## Action item
Below is a block of entries; repeat exactly the lines starting at the line that contains "RAZ TN9000 Graham" and ending at the line that contains "Anneaux ajustables pour", both included.

[Source information Boundary: Start]

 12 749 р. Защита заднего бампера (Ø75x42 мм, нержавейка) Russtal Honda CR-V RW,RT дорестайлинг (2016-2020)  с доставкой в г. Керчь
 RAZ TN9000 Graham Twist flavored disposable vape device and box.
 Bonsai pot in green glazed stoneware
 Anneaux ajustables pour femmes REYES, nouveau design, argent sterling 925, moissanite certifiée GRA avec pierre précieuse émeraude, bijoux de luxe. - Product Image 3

[Source information Boundary: End]
[Source information Boundary: Start]

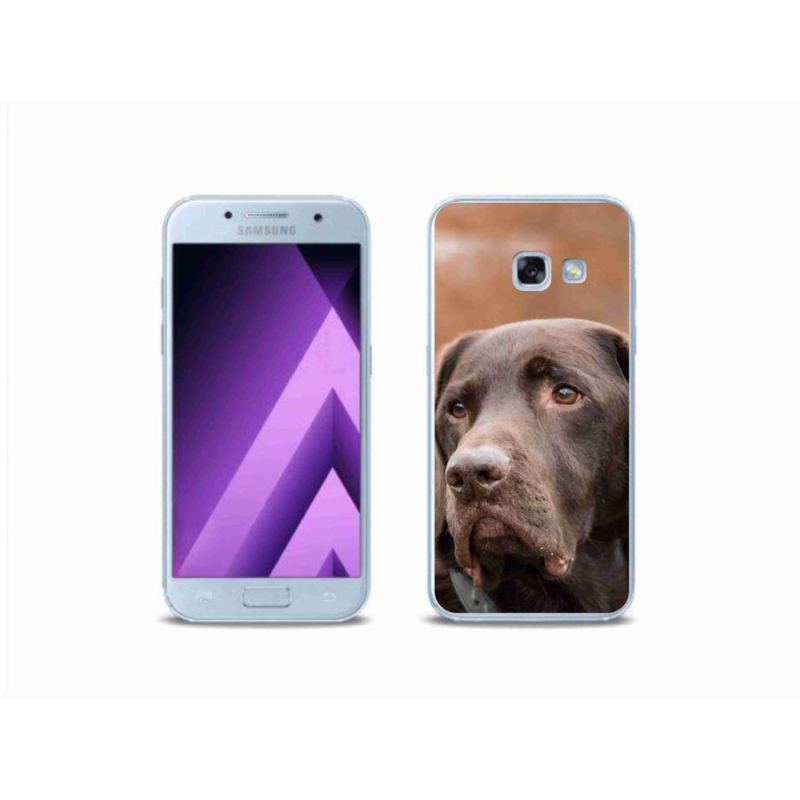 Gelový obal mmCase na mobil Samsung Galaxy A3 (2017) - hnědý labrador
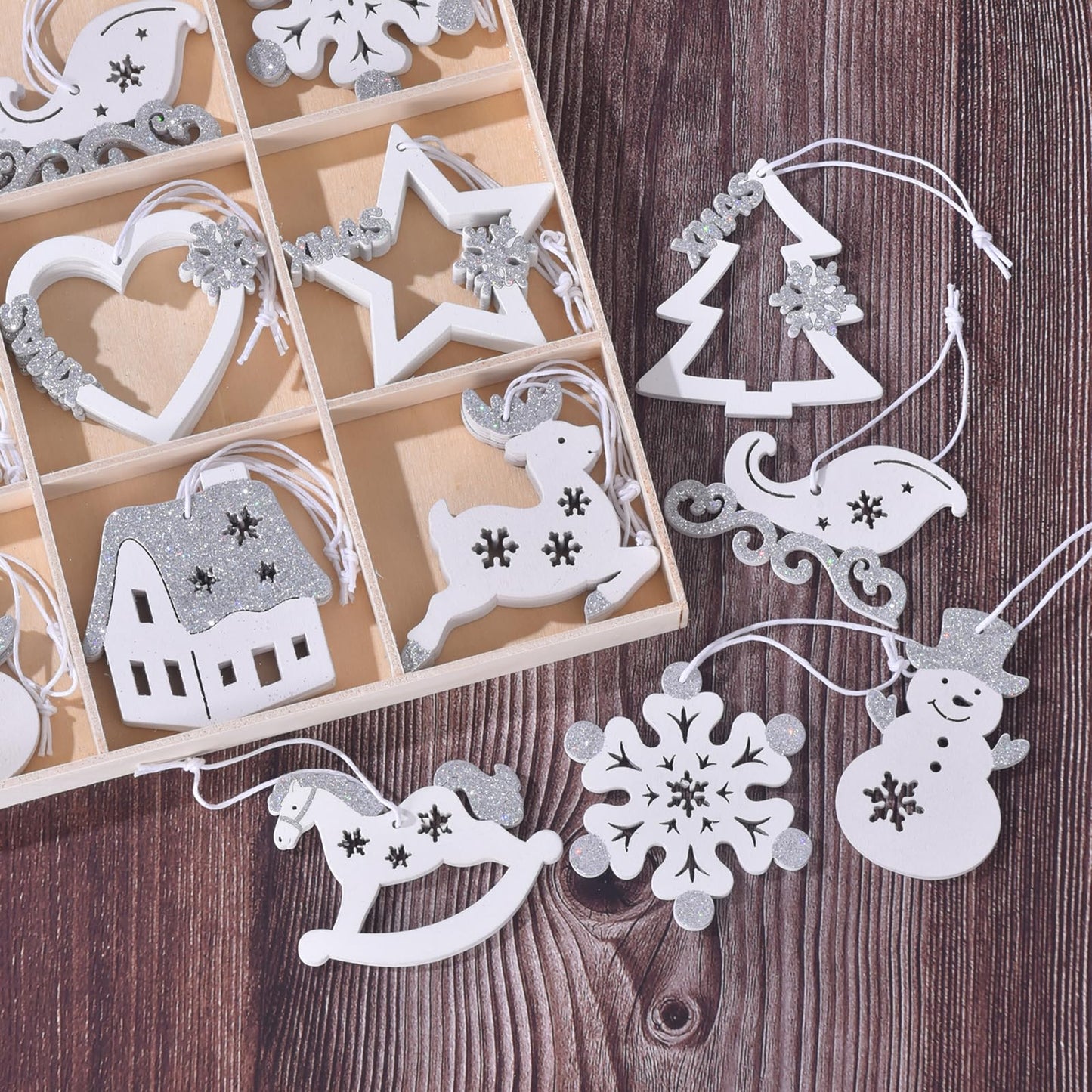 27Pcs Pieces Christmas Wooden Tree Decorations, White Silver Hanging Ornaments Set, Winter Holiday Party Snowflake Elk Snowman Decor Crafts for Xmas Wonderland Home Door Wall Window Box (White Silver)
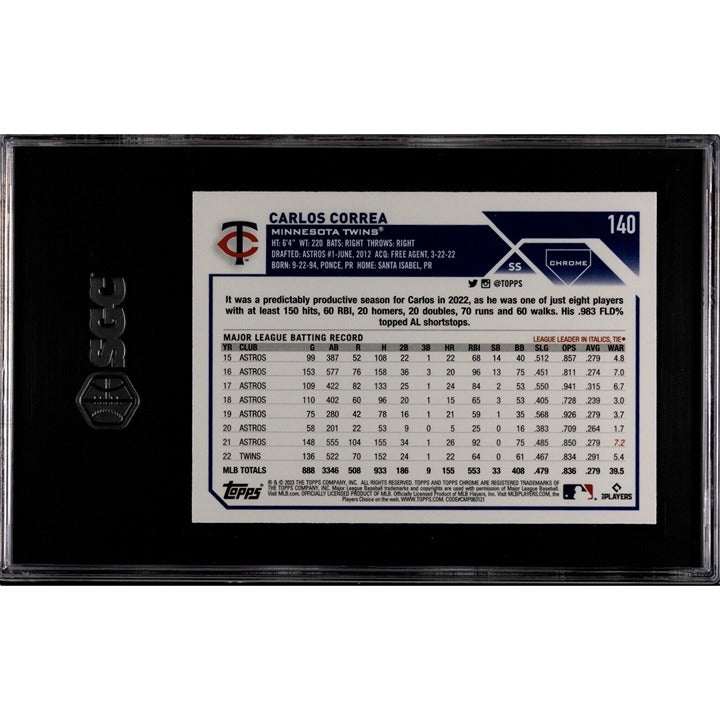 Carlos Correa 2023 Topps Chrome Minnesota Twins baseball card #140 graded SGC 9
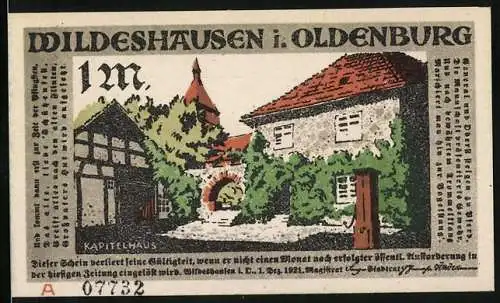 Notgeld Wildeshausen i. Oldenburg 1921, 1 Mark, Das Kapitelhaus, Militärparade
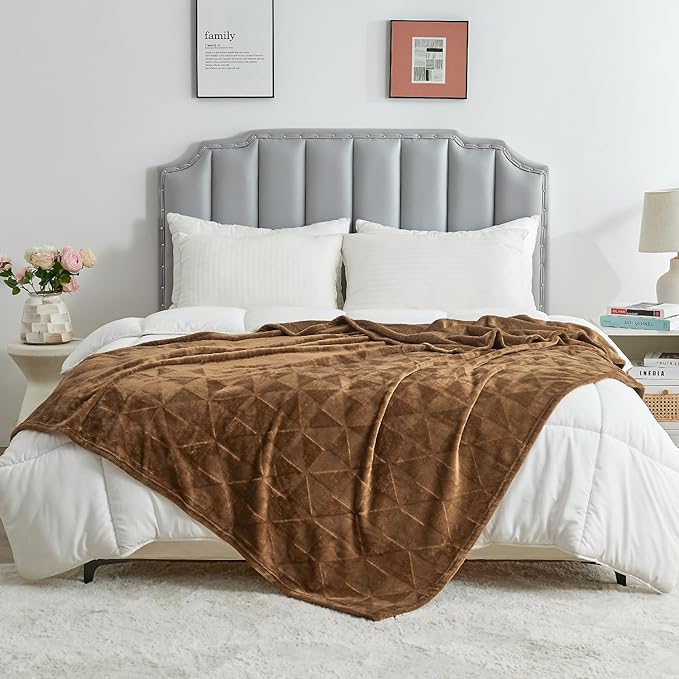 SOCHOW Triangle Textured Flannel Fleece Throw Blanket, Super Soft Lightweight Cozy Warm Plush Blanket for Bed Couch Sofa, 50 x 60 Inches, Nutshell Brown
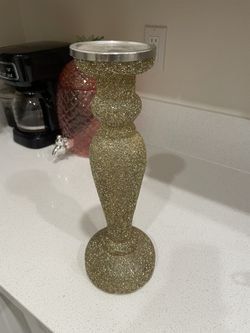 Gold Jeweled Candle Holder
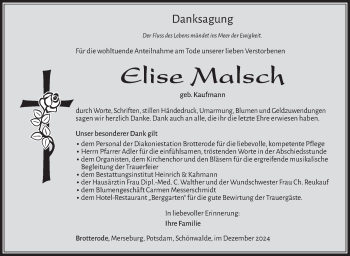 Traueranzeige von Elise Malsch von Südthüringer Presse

[Source information Boundary: End]

## Solution below
 RAZ TN9000 Graham Twist flavored disposable vape device and box.
 Bonsai pot in green glazed stoneware
 Anneaux ajustables pour femmes REYES, nouveau design, argent sterling 925, moissanite certifiée GRA avec pierre précieuse émeraude, bijoux de luxe. - Product Image 3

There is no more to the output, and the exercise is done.